Par Jean-Pierre Leroy
de Dunkerque

 

En septembre 61, alors que je roulais en Solex, je me suis acheté une Juvaquatre, c'était ma première voiture. Mon grand-père m'avait offert son Solex, quand j'ai obtenu le CAP de mécanique auto, en juin 60. Puis j'ai commencé à travailler en juin 61.

Les premiers sous gagnés furent pour m'acheter une Juvaquatre. Cette petite voiture n'était pas inconnue pour moi, et l'occasion s'est présentée. C'était une fourgonnette à moteur latéral 6 Cv. Verte, équipée d'une galerie, elle était belle comme tout.

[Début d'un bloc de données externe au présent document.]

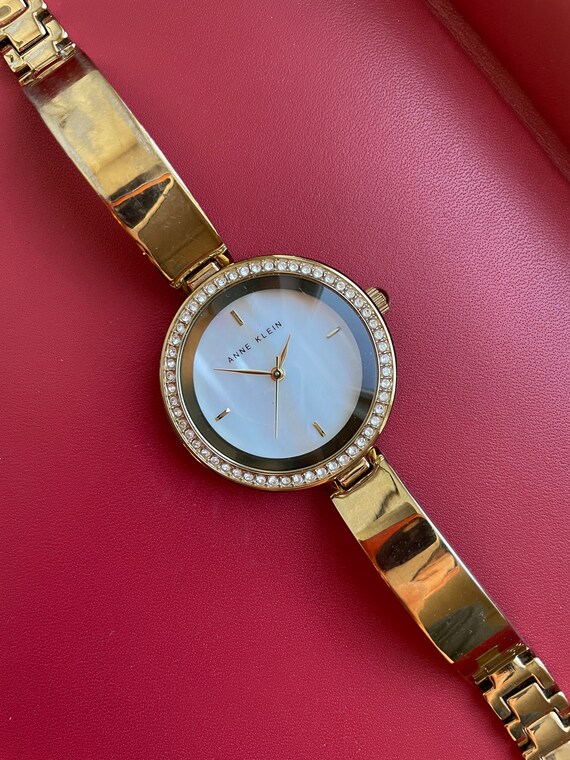 Anne Klein Mother of Pearl Crystal Bezel Gold Tone Quartz  display picture 3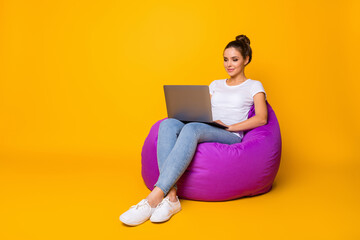 Naklejka premium Full size photo of focused smart girl sit purple bag bean work computer read colleagues report document wear style stylish trendy sneakers isolated over bright shine color background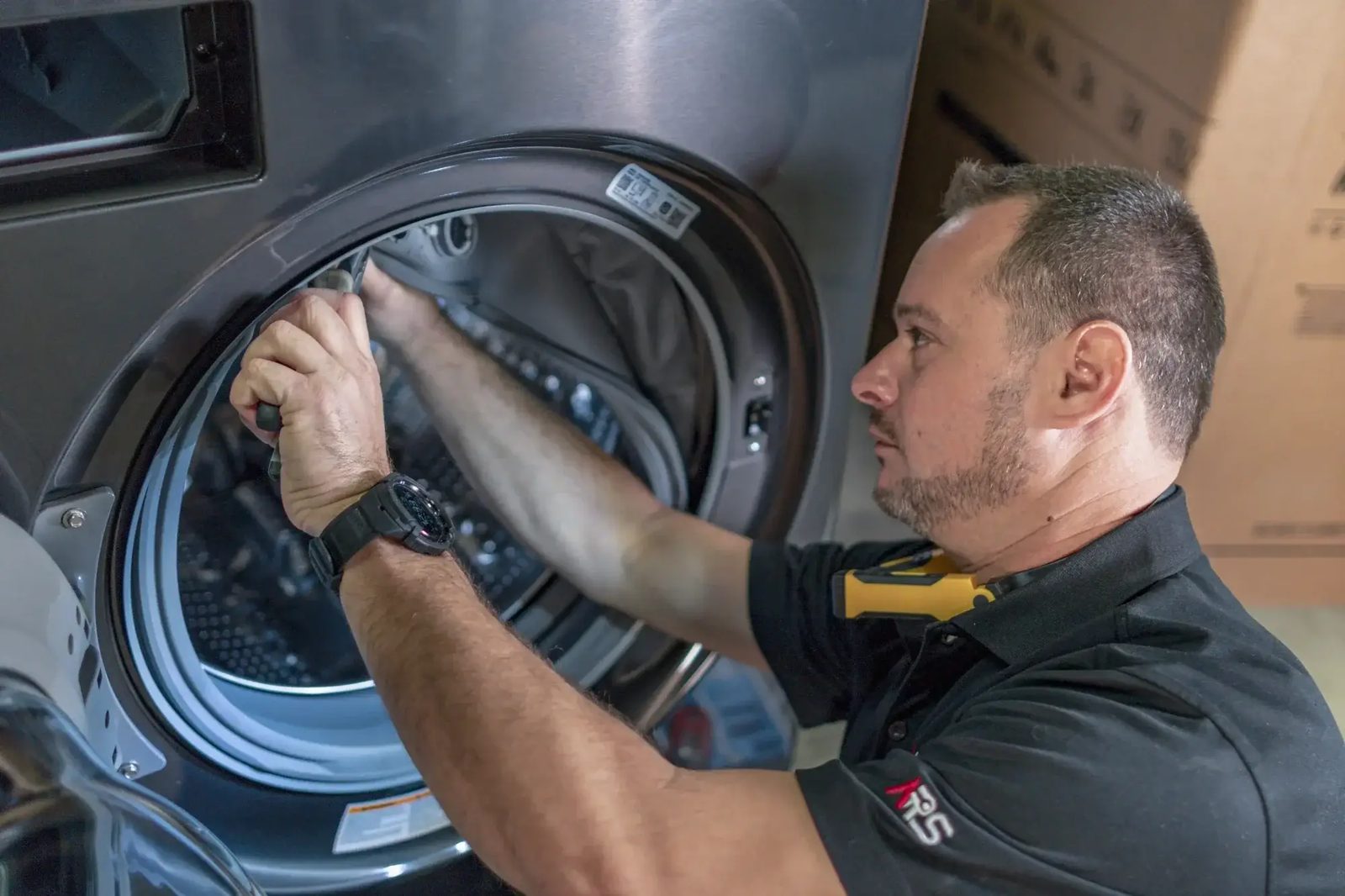 Technician working inside the drum of a front load washer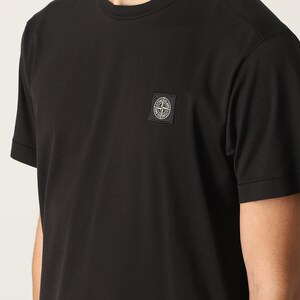 Puede incluir: Camiseta negra de cuello redondo y manga corta. Un pequeño parche cuadrado con un logotipo circular está en el pecho izquierdo. La camiseta está hecha de un material suave y de color sólido.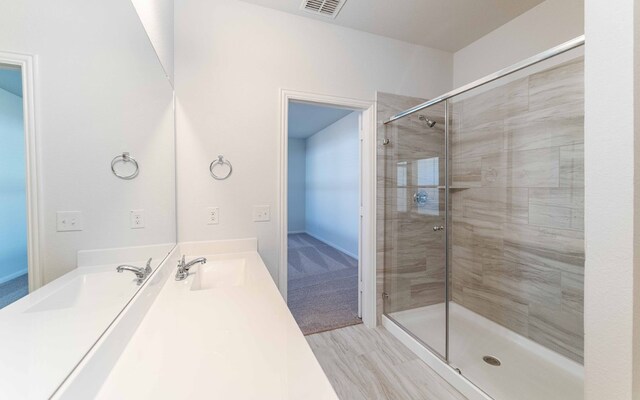 bathroom with hardwood / wood-style floors, a shower with shower door, and vanity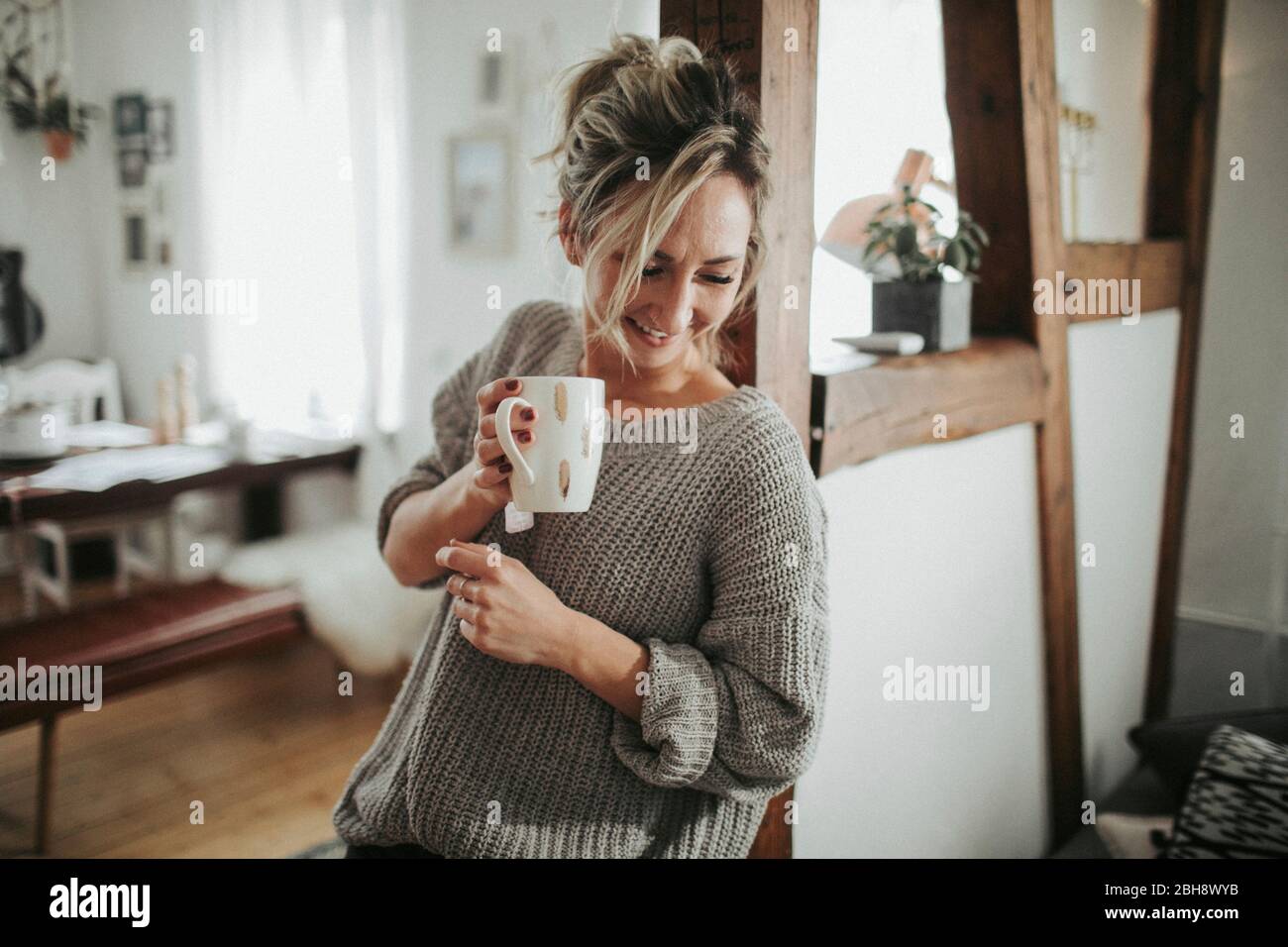 junge Frau in ihrer Wohnung, hält Tasse in der Hand, lachen, Halbporträt Stock Photo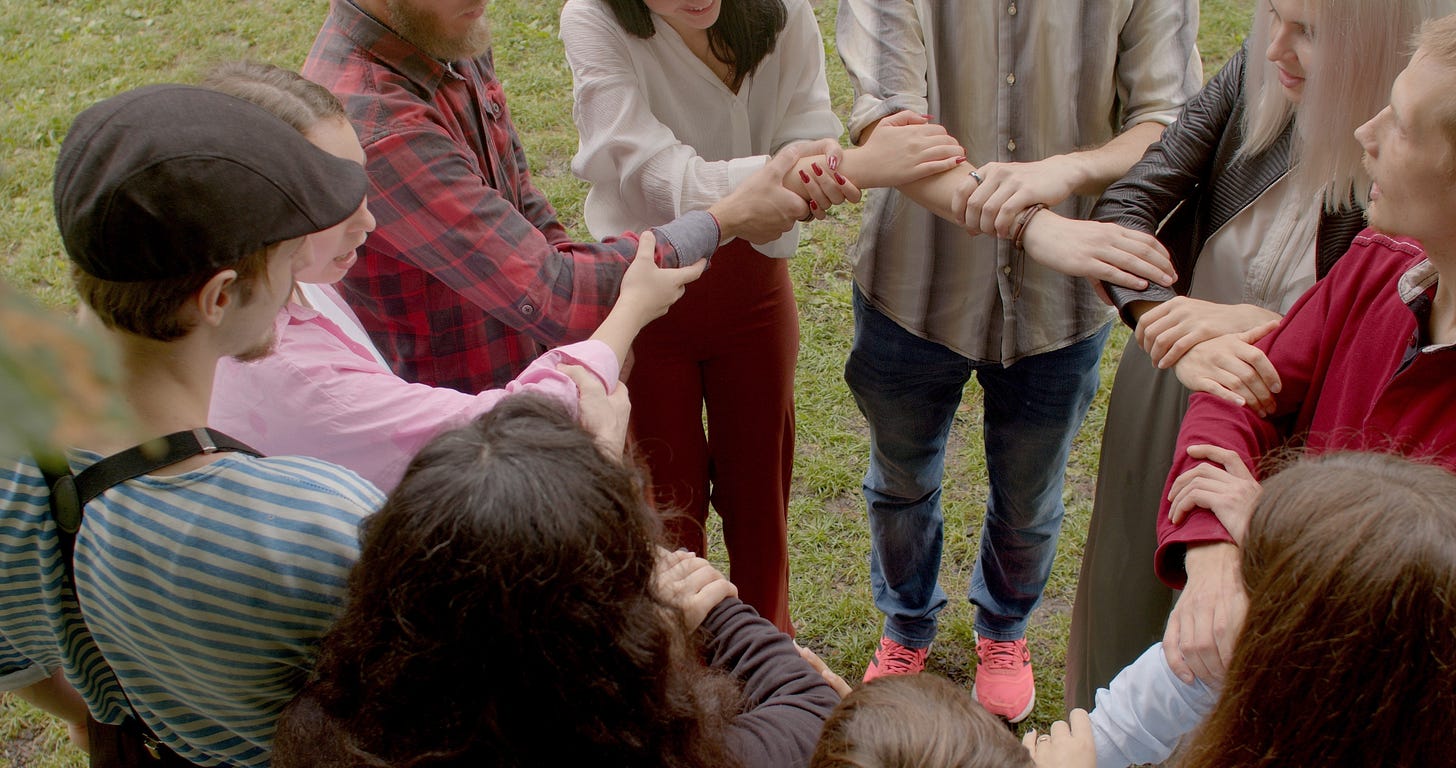 With no faces visible, this is a photo of 10 people outdoors in a circle holding hands and forearms. Clearly a support group of some sort. Communal healing.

Ma Juva en 1962, dans toute sa splendeur, garée dans la cité des fortifications à Dunkerque. A l'époque, j'étais mécanicien dans une entreprise travaux publics qui construisait une énorme digue qui sépare les hauts-fourneaux d'Usinor et la Mer. Quel chantier !

Ci-dessus, nous trois, en 1962. Avec notre Juva, nous étions les plus heureux du monde. C'était notre voiture, un luxe pour l'époque.

 

Il était une fois, un dimanche de juin 62, nous étions 6 garçons et filles dans la Juva, nous partions de Dunkerque voir un championnat de Moto Cross à Cassel. A l'époque, les motos anglaises 4 temps, 350 et 500 cm3 en échappement libre, étaient les reines du monde. Il y avait des BSA, Norton, Triumph, etc… A l'arriére de la Juva, ils étaient quatre étaient assis à même le plancher. Ma fiancée était devant, et les copains et copines derrière nous, assis en tête bêche, deux derrière le chauffeur, et deux derrière la passagère. Comme les sardines ! On fonçait pour arriver à Cassel avant le départ de la course prévu à 14 heures, car le moment crucial : le départ des motos. Sur la route de Bergues, après les Sept Planètes, la Juva frisait les 100 km/h. Un violent cliquetis sort du moteur, plus de puissance, ça tourne sur trois pattes. On s'arrête : j'ai décalotté un piston. Pas trop de dégâts, car la tête du piston est restée bloquée en haut, et la jupe a guidé la bielle quand le moteur tournait encore. C'est foutu pour le moto cross, alors que j'étais si fier d'y amener mes copains. On a remisé la Juva chez un brave homme qui travaillait dans son jardin. Puis, miracle, arrive un bus Citroën. On fait signe. Il s'arrête. Tout le monde prend place et nous rejoignons Cassel. C'était moi le plus malheureux, j'avais du abandonné ma Juva Le moteur à peine réparé, je suis parti à l'armée. La Juva m'a encore attendu 16 mois. A mon retour, elle m'a amené au travail plus d'un an encore.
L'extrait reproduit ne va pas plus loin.